As a child to a lost parent, who dealt with countless other losses between the ages of seven and seventeen, and as someone whose artistic life has in large part been devoted to explorations of extended grief, I have to ask, “What the fuck?” This show made me angry. Really, truly, madly, deeply. Furiously. While I understand the impulse to make a show where you finally get to say those lifelong unsaids that you never got to scream at your own lost, I see so much more strength in letting sleeping dogs lie. It felt as though Katzberg found liberation from her past through portraying her family as a clown car of sad buffoons while waxing poetic about her own struggle to find the so-called real. Perhaps the real could have been found by letting the issues of her past remain there, and grappling more honestly with the present that resulted from them?

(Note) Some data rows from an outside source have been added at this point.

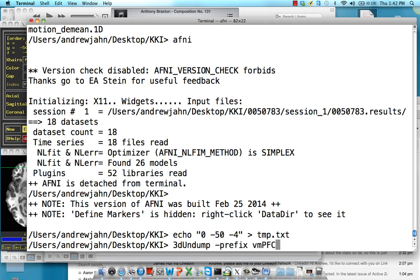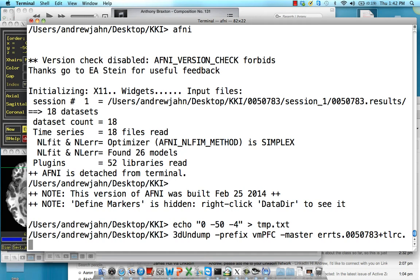So, 3d undump, prefix — we'll call this the mpfc. The master is going to be the error time series dataset generated from 3d deconvolve, which is the time series that's been cleaned of motion effects as best as possible. Next, srad — the radius of the sphere — is going to be 5. And xyz is going to be the text file with the xyz coordinates, which is tmp.txt.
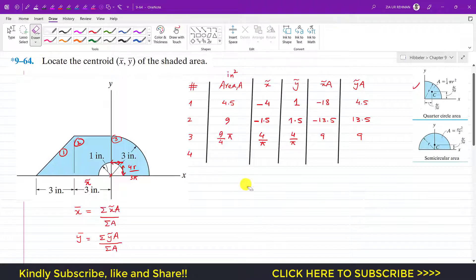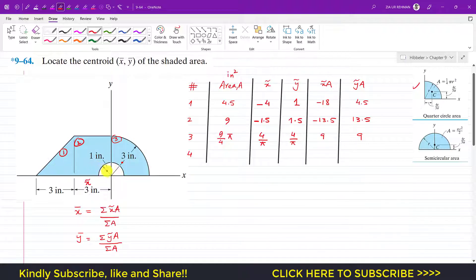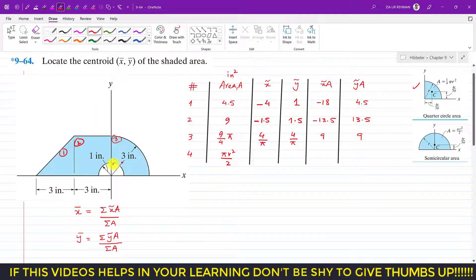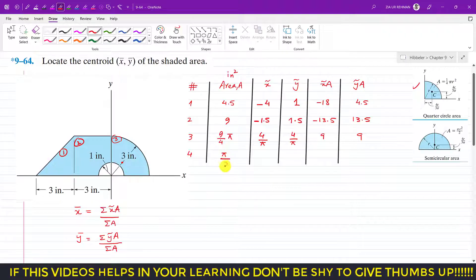Shape 4 is the semicircle, which we subtract because the blue shaded area excludes it. The area of a semicircle is πr²/2, and the radius is 1 inch, so the area is π(1)²/2 = π/2. This is a negative area, so we subtract it.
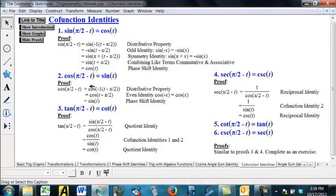And so we see that once you've done those other two proofs on your own, you'll see that we have proved all six of these co-function identities. That also shows you why these are called co-functions, because it relates to complementary angles.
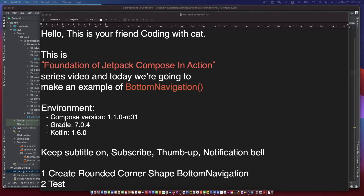Hello, this is your friend CodingWithCat, and today we are going to make an example of button navigation. Don't forget to subscribe to my channel, open the subtitles, and let's begin!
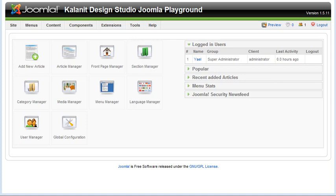We're ready to look at the menu manager and how to manage your menus. But before we start, keep in mind that I'm working with a default Joomla installation, and I installed the sample data. So you may or may not have the same menus that I have on this installation, but how to manage them, the principles and the steps are the same.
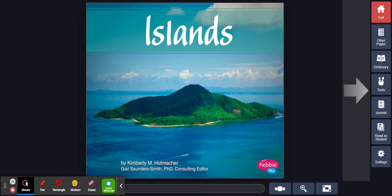Islands by Kimberly Hutchmacher, Gail Sander-Smith, Ph.D., Consulting Editor.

Which brings me to my question of responsibility. I may ask these questions because I’ve been retooling a show about my own mom’s death when I was a boy that previously caused a lot of familial anguish, but what are our responsibilities to the dead? What are our responsibilities to honor both the living remaining in their place and the memory of the lost? Even if the dead proved tough and abusive their entire lives? What is the point of making a show that screams at a group of strangers the words you were never able to whisper to their intended recipient, if not to get your own rocks off?